I posted a vintage Zenith all-in-one stereo system that has a turntable, cassette player, and an AM/FM tuner (but no CD player, of course – the thing is from the ’70s). I posted the old clock radio (also with a cassette player) that I have had on every bedside table since college. I still glance over to the empty space on my current bedside table to check the time each night when I’m watching TV in my boudoir.
Every time I notice that empty space, I smile, because I’m starting to feel the unburdening effect of getting rid of stuff. It feels good. It’s a relief. The extra space on that small bedside table somehow makes it easier to breathe. Plus, my phone has stopped falling off the table due to a lack of room. Bonus!
Next? The Flexible Flyer sled (pictured above) and the vintage Schwinn bike with flat tires and badly installed (by me) wobbly training wheels that still has faded 35 year-old crepe paper coiled around its frame from the last time my now 40-something niece rode it in our local Fourth of July parade.

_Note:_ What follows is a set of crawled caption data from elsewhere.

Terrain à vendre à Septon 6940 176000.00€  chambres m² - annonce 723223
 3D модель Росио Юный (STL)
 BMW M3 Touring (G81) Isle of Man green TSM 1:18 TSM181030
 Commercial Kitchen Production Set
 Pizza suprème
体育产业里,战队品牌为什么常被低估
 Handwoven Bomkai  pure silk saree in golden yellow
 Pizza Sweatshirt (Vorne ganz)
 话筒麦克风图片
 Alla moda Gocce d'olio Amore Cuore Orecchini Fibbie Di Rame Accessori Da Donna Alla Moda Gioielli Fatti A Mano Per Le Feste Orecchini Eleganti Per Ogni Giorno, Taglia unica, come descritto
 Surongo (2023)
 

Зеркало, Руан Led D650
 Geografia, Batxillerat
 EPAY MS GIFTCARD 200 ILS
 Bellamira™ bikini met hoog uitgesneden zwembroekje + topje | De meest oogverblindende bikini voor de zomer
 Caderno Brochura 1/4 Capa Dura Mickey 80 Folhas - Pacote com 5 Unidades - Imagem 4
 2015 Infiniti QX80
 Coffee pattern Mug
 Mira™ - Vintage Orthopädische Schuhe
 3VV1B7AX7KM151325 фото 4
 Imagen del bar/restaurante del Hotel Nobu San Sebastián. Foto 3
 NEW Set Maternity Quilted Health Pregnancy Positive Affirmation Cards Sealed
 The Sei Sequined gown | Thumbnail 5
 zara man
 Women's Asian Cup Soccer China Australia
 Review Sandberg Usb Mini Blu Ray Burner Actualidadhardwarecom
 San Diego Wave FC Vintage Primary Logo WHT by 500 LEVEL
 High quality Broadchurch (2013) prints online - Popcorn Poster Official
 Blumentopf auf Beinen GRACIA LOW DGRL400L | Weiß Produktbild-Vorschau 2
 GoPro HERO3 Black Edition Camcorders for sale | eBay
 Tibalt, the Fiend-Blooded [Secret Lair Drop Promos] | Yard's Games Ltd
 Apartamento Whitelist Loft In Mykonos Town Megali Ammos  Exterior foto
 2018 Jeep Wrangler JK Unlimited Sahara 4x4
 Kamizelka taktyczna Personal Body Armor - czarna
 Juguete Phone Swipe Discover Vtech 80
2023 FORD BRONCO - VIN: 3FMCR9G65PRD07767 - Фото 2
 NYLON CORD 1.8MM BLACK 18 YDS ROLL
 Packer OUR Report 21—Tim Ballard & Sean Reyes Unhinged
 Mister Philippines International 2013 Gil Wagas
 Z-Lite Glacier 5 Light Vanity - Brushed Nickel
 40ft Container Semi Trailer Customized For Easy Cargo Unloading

Next round? More stuff from high school and college still stowed in boxes in my bedroom closets. Might take all winter or longer to deal with all that. I’ll keep you posted.
Until then, I remain,
your unburdening, shoveling-out, un-sentimentally-chucking-out-stuff-no-one-in-my-family-would-ever-want-after-I’m-gone,
Ridiculouswoman
The rewards of letting go are wonderful but selling off to a good home is also a way of passing along what once held your rapt attention. Letting go, and letting go and more letting go…you get stars for this.